As I disclosed a few weeks ago, I have become the proud owner of an Apple iPad. In fact, I have become the proud owner of the top of the range model, 3G and a hard disk the size of Nevada and goodness knows what. So what have I been using it for?
Two things stand out so far. By downloading the iPad version of Apple’s Keynote program (their version of Powerpoint), I have been able to use the iPad to run slide shows on projectors, thereby causing great curiosity and (I hope) envy amongst onlookers. Actually, it does this really neatly, and given the small size of the device compared with a laptop I find it is easy to use it at meetings away from the office where I am giving a presentation. Keynote reads your MS Powerpoint documents, so you can use files you have created on the MS Office platform.

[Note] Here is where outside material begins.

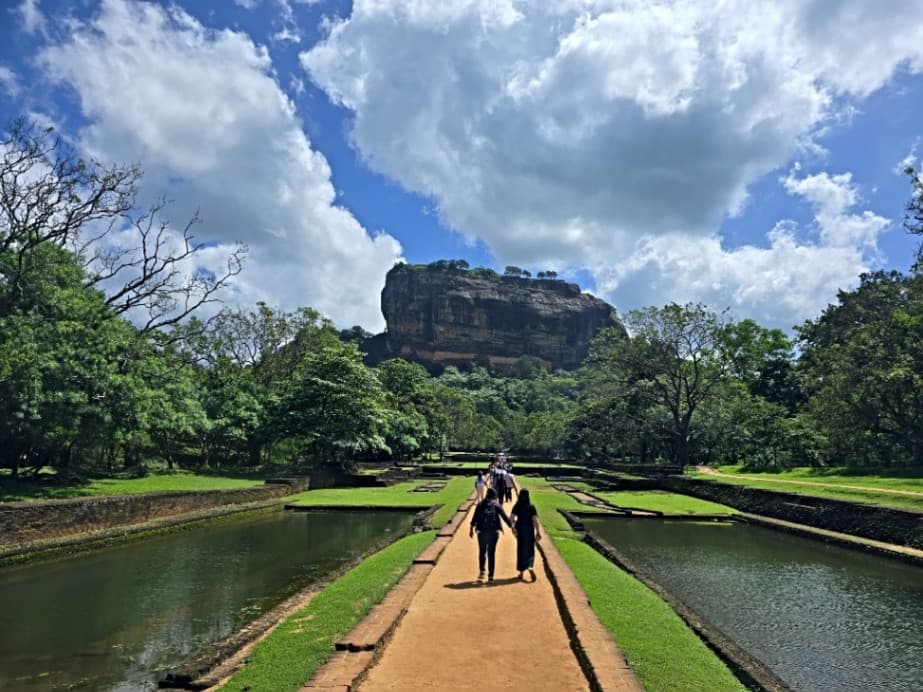 Before you visit the Sigiriya rock fortress, download the Travelyonka app your smart travel companion for Sri Lanka. Find guides, offline maps, transport options, and hidden gems. Available on Android and iOS. Explore smarter with TravelYonka!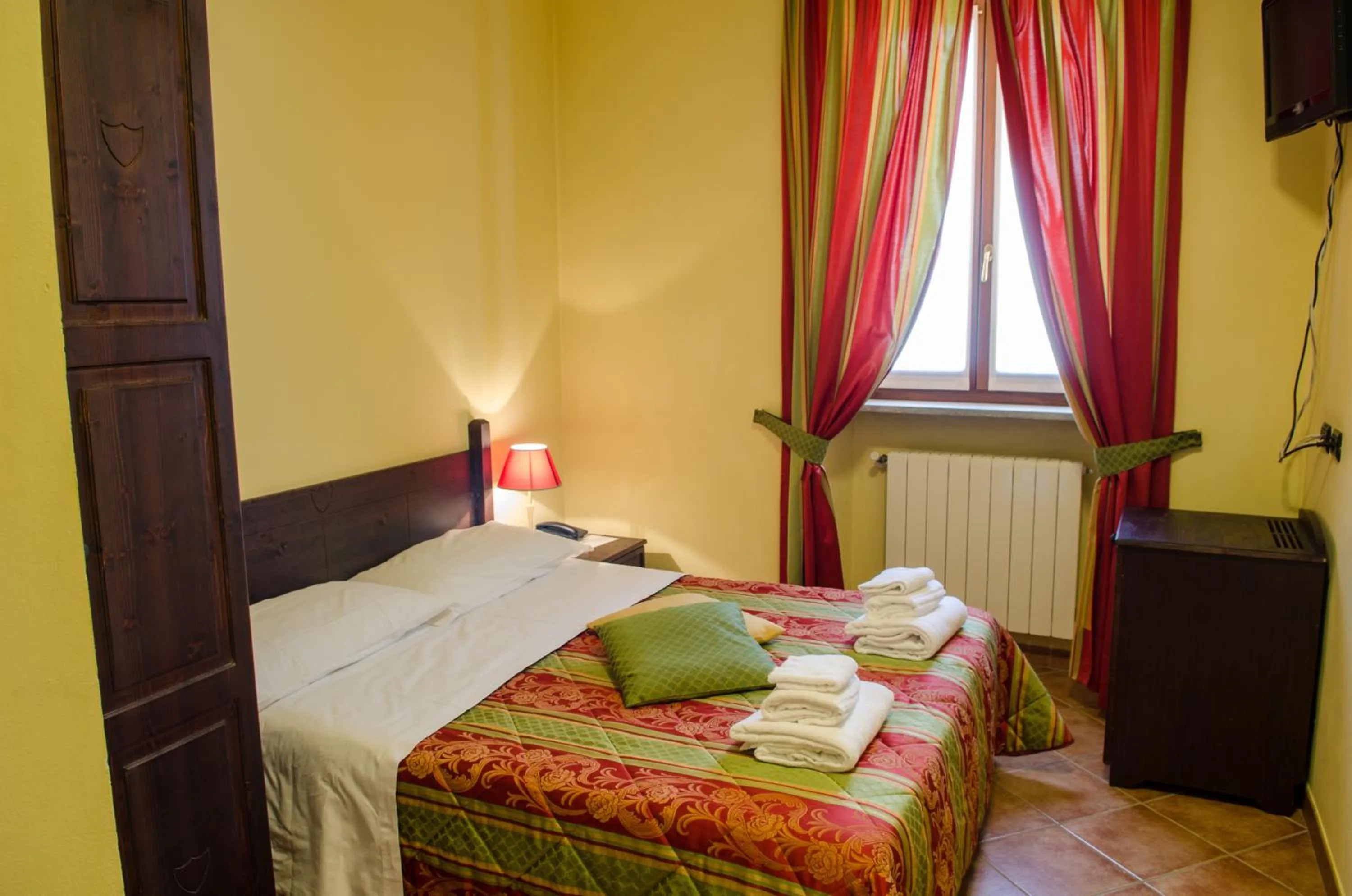 Photo of the whole room, Bed in Hotel Oberje Dla Viere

Secondly, I have been using it to download and read books. As readers of this blog know, I am also the owner of the Amazon Kindle, and to my delight I was able to set up an Amazon Kindle app on the iPad and then download all my Kindle books purchased on to it. You can then use the iPad like a Kindle, though you can turn pages by touching the screen (which you cannot do on a Kindle). Apple also has its own iBooks app for the iPad, with its own bookstore, and this is slightly more user friendly still than the Kindle program; but the Apple store for now has a somewhat smaller selection of books than Amazon. Actually, I have found the iPad (and the Kindle before it) particularly useful for reading academic work, not least because I can load so many books at once and take them with me while travelling without all the bulk.

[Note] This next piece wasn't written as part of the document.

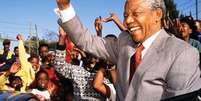 <p>Nelson Mandela morreu nesta quinta-feira, aos 95 anos, e recebeu incont&aacute;veis homenagens pelas redes sociais</p>  Foto: Eco Desenvolvimento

So will the iPad have a major impact on academics? Some think that, on the whole, it won’t. Professor Alex Golub of the University of Hawaii recently suggested that the iPad was smart and usable, but did not really have a USP for academics. There is no special academic task, he suggested, for which the iPad is an obvious help. In some ways, of course, we could say this about the computer. It has revolutionised the academy (and everything else), and everybody has one, but its key attributes and uses are not specifically connected with higher education. I suspect that the iPad (and any other competing device that is successfully launched) will in the not-too-distant future take the place of at least some computers, maybe even quite a lot of them. The iPad is, I believe, in its essence a device that allows you to search for information and process it, and to contain and offer up books and papers.
I would suggest that the iPad is coming your way.